When Michele Bachmann and Rick Santorum signed the FAMiLY LEADER's "Declaration of Dependence Upon Marriage and Family" last week, many observers wondered the same thing: Who is this mysterious FAMiLY LEADER, and what gives him the authority to demand that candidates for public office affirm his list of proclamations against the "redefinition of the Institution of Marriage" and other 21st-century sins that he condemns not only on behalf of "Christian Scripture," but also "Classical Philosophers," "Natural Law," and the "American Founders" themselves? Just who does he think he is—and what is going on with that sinister lower-case I?
Although the name sounds like an epithet that Kim Jong-il might select on one of his off days, it turns out that the FAMiLY LEADER is an Iowa nonprofit affiliated with Focus on the Family. Its mission is to provide "a consistent, courageous voice in the churches, in the legislature, in the media, in the classroom, in the public square … always standing for God's truth." (The lower case I is meant to signify the individual's submission to family and God.) Despite their obscurity outside Iowa, the authors of the "Declaration" claim the right to call out politicians on behalf of all conservative Christians. And, oddly, there is nothing unusual in this chutzpah: They are following a long-standing tradition of evangelical Christian manifestos, pledges, and declarations.
In-your-face proclamations were once a favorite tool of the secular left going back to the French revolutionaries' Declaration of the Rights of Man and of the Citizen. Manifestos used to be communist, anarchist, and humanist turf. Yet in recent decades, progressive Americans have shied away from this kind of political tactic. On the left, the word "manifesto" now calls to mind long-haired rowdies cross-referencing Che Guevara's diaries with the Port Huron Statement. Manifestos are still mainstream in other parts of the world (in the United Kingdom, both the Conservative and Labour parties call their election platforms "manifestos"), but to most American liberals, the very idea sounds more nostalgic than serious, beyond the fringes of today's stunted political spectrum. At the same time, conservatives—and evangelicals in particular—have developed a penchant for trumpeting their principles and demanding that every true believer sign on the dotted line.
Evangelicals joined with libertarians last year to issue the "Mount Vernon Statement" demanding a recommitment "to the ideas of the American Founding." The year before that, the Faith & Freedom Network & Foundation published a "Saving of America Manifesto" and evangelicals connected with Catholics and Orthodox Christians to publish the "Manhattan Declaration" defending "the sanctity of human life, the dignity of marriage as a union of husband and wife, and the freedom of conscience." In 2008, disgruntled megachurch pastors lamented the over-politicization of faith in an "Evangelical Manifesto." Don't confuse that document with the other "Evangelical Manifesto" published in 1996 by the National Association of Evangelicals, or the 1990 "Call to Biblical Fidelity" or the bestselling Christian Manifesto published by Christian Right guru Francis Schaeffer in 1981.

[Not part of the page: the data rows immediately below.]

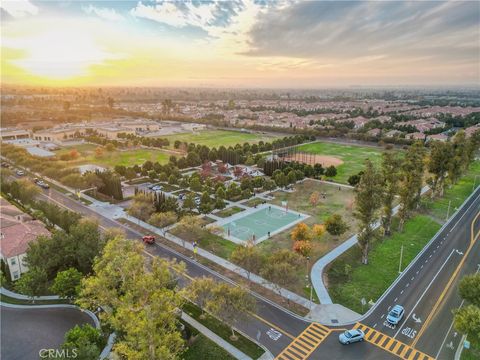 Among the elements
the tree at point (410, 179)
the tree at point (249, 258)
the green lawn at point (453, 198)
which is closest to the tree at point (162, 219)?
the tree at point (249, 258)

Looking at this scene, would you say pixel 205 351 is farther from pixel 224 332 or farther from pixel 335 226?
pixel 335 226

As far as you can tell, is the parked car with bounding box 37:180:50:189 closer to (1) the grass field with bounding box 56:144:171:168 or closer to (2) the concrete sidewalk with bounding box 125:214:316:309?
(1) the grass field with bounding box 56:144:171:168

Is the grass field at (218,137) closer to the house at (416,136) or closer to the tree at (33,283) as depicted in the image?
the house at (416,136)

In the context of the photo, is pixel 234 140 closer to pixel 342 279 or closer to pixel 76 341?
pixel 342 279

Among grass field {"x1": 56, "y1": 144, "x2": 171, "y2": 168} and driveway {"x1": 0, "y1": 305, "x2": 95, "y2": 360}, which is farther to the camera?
grass field {"x1": 56, "y1": 144, "x2": 171, "y2": 168}

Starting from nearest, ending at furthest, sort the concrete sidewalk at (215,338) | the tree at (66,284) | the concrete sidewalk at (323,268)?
the concrete sidewalk at (215,338) < the tree at (66,284) < the concrete sidewalk at (323,268)

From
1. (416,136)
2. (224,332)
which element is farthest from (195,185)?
(416,136)

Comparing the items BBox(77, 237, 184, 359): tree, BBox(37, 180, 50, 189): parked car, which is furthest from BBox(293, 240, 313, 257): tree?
BBox(37, 180, 50, 189): parked car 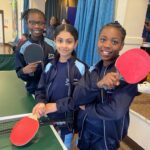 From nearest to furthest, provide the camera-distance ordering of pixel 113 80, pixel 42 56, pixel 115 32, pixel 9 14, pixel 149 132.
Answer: pixel 113 80
pixel 115 32
pixel 42 56
pixel 149 132
pixel 9 14

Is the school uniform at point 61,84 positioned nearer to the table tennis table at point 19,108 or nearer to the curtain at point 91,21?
the table tennis table at point 19,108

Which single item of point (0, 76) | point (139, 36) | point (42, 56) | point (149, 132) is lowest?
point (149, 132)

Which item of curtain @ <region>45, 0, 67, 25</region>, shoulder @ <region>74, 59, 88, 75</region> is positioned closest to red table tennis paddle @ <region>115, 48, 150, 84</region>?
shoulder @ <region>74, 59, 88, 75</region>

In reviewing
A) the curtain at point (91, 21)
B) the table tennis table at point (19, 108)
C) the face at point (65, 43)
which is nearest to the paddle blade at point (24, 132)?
the table tennis table at point (19, 108)

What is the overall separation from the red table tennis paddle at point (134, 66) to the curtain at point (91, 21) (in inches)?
45.4

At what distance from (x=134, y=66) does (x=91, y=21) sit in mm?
1461

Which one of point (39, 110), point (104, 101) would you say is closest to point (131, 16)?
point (104, 101)

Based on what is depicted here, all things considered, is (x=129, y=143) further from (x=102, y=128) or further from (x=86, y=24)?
(x=86, y=24)

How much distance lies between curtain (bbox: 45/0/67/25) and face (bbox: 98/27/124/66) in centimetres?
528

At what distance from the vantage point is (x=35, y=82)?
156 cm

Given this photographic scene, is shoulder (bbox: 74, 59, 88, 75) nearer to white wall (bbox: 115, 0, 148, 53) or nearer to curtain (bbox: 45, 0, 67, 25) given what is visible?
white wall (bbox: 115, 0, 148, 53)

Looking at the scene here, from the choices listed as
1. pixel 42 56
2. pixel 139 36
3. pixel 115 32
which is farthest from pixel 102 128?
pixel 139 36

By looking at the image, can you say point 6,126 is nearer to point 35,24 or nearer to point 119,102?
point 119,102

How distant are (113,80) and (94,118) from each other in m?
0.34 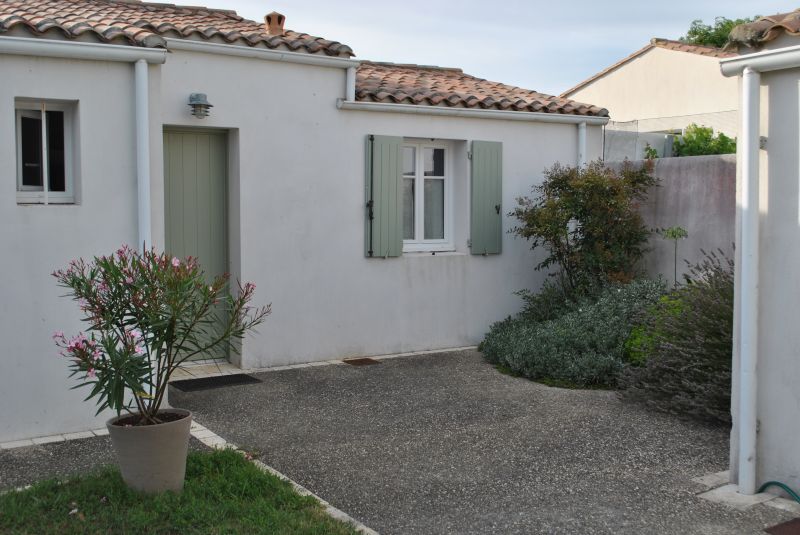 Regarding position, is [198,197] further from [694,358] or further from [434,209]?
[694,358]

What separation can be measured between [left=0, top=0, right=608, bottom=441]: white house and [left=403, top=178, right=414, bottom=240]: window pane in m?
0.02

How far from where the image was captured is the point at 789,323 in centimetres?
511

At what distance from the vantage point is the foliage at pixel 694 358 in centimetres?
662

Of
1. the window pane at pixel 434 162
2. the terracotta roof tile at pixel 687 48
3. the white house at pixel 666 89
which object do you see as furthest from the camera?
the terracotta roof tile at pixel 687 48

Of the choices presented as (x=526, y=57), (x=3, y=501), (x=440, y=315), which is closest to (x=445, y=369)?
(x=440, y=315)

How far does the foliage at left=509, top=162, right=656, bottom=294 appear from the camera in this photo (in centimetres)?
990

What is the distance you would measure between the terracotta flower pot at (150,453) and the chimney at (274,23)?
238 inches

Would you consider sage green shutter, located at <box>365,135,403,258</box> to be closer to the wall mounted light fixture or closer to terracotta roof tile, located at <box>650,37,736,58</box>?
the wall mounted light fixture

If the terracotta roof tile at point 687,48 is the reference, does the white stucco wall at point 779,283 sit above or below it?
below

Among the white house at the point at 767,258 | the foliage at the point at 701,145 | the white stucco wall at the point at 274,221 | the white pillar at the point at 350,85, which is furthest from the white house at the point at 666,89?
the white house at the point at 767,258

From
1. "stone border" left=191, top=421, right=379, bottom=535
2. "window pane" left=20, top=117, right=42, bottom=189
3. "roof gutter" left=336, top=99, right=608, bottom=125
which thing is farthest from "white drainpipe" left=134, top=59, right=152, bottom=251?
"roof gutter" left=336, top=99, right=608, bottom=125

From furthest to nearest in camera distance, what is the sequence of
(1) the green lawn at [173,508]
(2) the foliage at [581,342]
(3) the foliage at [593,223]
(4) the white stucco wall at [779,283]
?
(3) the foliage at [593,223], (2) the foliage at [581,342], (4) the white stucco wall at [779,283], (1) the green lawn at [173,508]

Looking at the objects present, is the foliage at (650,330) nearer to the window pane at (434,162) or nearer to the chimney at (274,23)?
the window pane at (434,162)

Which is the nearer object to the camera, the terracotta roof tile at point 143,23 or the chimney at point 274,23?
the terracotta roof tile at point 143,23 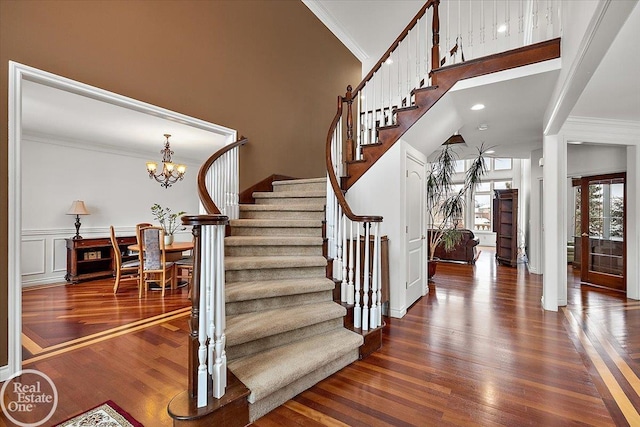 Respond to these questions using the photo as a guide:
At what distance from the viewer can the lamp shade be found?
536cm

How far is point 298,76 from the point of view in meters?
5.02

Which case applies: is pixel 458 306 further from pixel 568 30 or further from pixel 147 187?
pixel 147 187

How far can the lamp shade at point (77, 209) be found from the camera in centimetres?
536

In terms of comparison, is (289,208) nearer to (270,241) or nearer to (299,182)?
(299,182)

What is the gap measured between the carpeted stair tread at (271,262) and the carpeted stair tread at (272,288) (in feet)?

Traditionally, manifestos bristle with Enlightenment individualism. They declare independence from some form of perceived tyranny. They lay down the beliefs of the rebels against the regime, challenge that regime's legitimacy, and call the true and faithful remnant to action. But for evangelical Protestants—who have shown an even greater taste for manifestos than other wings of the conservative movement—documents like the "Declaration of Dependence upon Marriage and Family" have an additional resonance. FAMiLY LEADER's "Candidate Vow" is not just a political platform but an affirmation of beliefs: the conviction that only "faithful monogamy between one man and one woman" constitutes legitimate marriage, that a fetus is "the innocent fruit of conjugal intimacy" deserving the law's fullest protection, and that "robust childbearing" is critical to maintaining America's superpower status. Like early Protestant drafters of Reformation-era confessions, and even the Church Fathers who hashed out the earliest Christian creeds, the activists behind "Declaration" see their statement as a measure necessary to correct widespread theological error, expose heretics, and resolve conflicting claims to authority.
In the old days Christian creeds usually emanated from groups with clear authority to speak for the half-pagan masses: councils of bishops, church synods, or at least learned divines with poofy collars and friends in high places. What is remarkable about American evangelicals is that so many of their manifestos, no matter how solemnly intoned, come instead from whichever ragtag crowd has mustered the energy and time to pull together their friends and scribble down a few bullet points. In 1973, when a group of progressive evangelicals gathered in a dingy YMCA in Chicago and issued a "Chicago Declaration" demanding that evangelicals pay more attention to social justice—the evangelical love for manifestos knows no ideological boundaries— evangelical scholar Lester DeKoster noted that the Declaration reflected "the guilt and aspirations simply of fifty individual Christians of undoubted sincerity, whose views could easily be qualified or even largely contradicted by fifty, or say a hundred, other individual Christians of equally unquestioned integrity—should someone care to go to the trouble of getting them together and issuing a news release."